You are viewing a plain text version of this content. The canonical link for it is here.
Posted to users@pdfbox.apache.org by Robert Rodini <rr...@hotmail.com> on 2023/05/19 13:17:13 UTC

Text sequence of ExtractText utility

Hi,
I have successfully used PDFBox ExtractText utility to process PDFs produced by a third-party.  The text comes out of a multicolumn PDF in the left to right order of the columns from top to bottom.

I now have to process PDFs produced by another third-party which also produces a multicolumn PDF.  This time the text comes out in an unpredictable order.

I've read the FAQ https://pdfbox.apache.org/2.0/faq.html regarding "Why does the extracted text appear in the wrong sequence?"

I'd like to know if there is a command line switch (or something) that I can do to get the text extracted in the right order?  Can I request an CLI switch to the ExtractText utility?  How to do this?

Thanks,
Bob Rodini

Re: Text sequence of ExtractText utility

Posted by Robert Rodini <rr...@hotmail.com>.
The -sort option did not solve the problem.

I tried the alpha release of PDFBox 3.0 and it produced the same results as the 2.0 version.

Note: Command line parameters are different in PDFBox 3.0.

Bob
________________________________
From: Tilman Hausherr <TH...@t-online.de>
Sent: Friday, May 19, 2023 9:22 AM
To: users@pdfbox.apache.org <us...@pdfbox.apache.org>
Subject: Re: Text sequence of ExtractText utility

Hi,

You can try the "-sort" option. Sometimes this helps.

Tilman

[cid:part1.MGjatbHN.HW6Dh5r7@t-online.de]

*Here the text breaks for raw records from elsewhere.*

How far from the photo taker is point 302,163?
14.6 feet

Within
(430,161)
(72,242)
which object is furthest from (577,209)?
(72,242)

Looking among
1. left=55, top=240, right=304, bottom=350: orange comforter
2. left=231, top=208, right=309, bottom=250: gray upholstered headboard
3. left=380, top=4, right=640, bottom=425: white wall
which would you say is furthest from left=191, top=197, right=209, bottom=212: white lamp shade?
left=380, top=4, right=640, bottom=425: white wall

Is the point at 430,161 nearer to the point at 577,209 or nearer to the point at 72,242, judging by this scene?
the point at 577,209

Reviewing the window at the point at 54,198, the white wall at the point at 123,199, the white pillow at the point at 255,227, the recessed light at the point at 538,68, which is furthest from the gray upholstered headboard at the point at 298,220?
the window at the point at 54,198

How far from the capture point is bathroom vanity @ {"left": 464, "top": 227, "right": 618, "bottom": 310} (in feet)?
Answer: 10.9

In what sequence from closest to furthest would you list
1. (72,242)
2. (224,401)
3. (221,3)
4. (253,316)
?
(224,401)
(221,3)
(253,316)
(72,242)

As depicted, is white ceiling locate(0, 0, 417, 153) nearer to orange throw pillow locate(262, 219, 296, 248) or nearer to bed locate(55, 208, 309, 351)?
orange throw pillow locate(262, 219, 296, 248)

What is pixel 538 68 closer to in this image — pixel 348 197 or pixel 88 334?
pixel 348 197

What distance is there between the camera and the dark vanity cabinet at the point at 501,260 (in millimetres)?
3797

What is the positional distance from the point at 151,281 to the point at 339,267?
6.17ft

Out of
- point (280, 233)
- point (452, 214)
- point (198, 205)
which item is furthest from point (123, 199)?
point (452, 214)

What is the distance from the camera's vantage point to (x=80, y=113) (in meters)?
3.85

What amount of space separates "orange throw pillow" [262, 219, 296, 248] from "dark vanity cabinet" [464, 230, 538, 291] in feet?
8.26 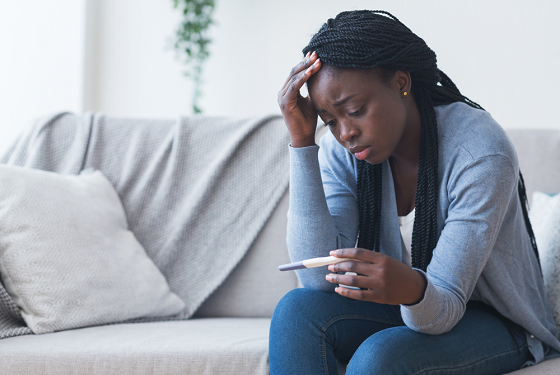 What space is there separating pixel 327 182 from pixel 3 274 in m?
0.71

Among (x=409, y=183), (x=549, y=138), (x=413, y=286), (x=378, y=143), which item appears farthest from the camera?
(x=549, y=138)

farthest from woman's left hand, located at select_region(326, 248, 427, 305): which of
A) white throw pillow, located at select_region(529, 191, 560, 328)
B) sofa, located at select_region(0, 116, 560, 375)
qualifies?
white throw pillow, located at select_region(529, 191, 560, 328)

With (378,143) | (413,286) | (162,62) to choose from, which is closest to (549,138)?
(378,143)

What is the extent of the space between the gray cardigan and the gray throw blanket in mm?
337

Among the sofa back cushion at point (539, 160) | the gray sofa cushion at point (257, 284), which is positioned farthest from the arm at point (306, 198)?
the sofa back cushion at point (539, 160)

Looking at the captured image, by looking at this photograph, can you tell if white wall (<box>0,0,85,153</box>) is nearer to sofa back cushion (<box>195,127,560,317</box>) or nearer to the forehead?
sofa back cushion (<box>195,127,560,317</box>)

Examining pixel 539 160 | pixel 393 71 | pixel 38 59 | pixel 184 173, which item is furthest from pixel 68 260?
pixel 38 59

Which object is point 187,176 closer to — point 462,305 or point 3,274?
point 3,274

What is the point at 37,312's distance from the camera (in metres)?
1.00

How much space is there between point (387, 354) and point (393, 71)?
0.45 metres

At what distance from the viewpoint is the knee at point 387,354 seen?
0.69 meters

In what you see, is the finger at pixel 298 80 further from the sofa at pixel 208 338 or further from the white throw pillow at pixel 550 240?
the white throw pillow at pixel 550 240

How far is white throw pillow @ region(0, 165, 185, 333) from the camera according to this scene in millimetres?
1013

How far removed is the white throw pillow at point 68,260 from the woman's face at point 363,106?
62 cm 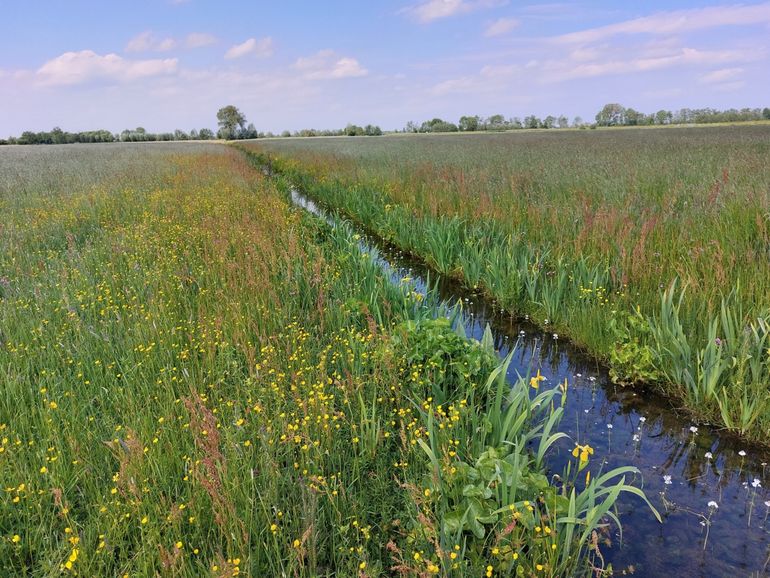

On 19.05.2023 15:17, Robert Rodini wrote:

Hi,
I have successfully used PDFBox ExtractText utility to process PDFs produced by a third-party.  The text comes out of a multicolumn PDF in the left to right order of the columns from top to bottom.

I now have to process PDFs produced by another third-party which also produces a multicolumn PDF.  This time the text comes out in an unpredictable order.

I've read the FAQ https://pdfbox.apache.org/2.0/faq.html regarding "Why does the extracted text appear in the wrong sequence?"

I'd like to know if there is a command line switch (or something) that I can do to get the text extracted in the right order?  Can I request an CLI switch to the ExtractText utility?  How to do this?

Thanks,
Bob Rodini




Re: Text sequence of ExtractText utility

Posted by Tilman Hausherr <TH...@t-online.de>.
Hi,

You can try the "-sort" option. Sometimes this helps.

Tilman


On 19.05.2023 15:17, Robert Rodini wrote:
> Hi,
> I have successfully used PDFBox ExtractText utility to process PDFs produced by a third-party.  The text comes out of a multicolumn PDF in the left to right order of the columns from top to bottom.
>
> I now have to process PDFs produced by another third-party which also produces a multicolumn PDF.  This time the text comes out in an unpredictable order.
>
> I've read the FAQhttps://pdfbox.apache.org/2.0/faq.html  regarding "Why does the extracted text appear in the wrong sequence?"
>
> I'd like to know if there is a command line switch (or something) that I can do to get the text extracted in the right order?  Can I request an CLI switch to the ExtractText utility?  How to do this?
>
> Thanks,
> Bob Rodini
>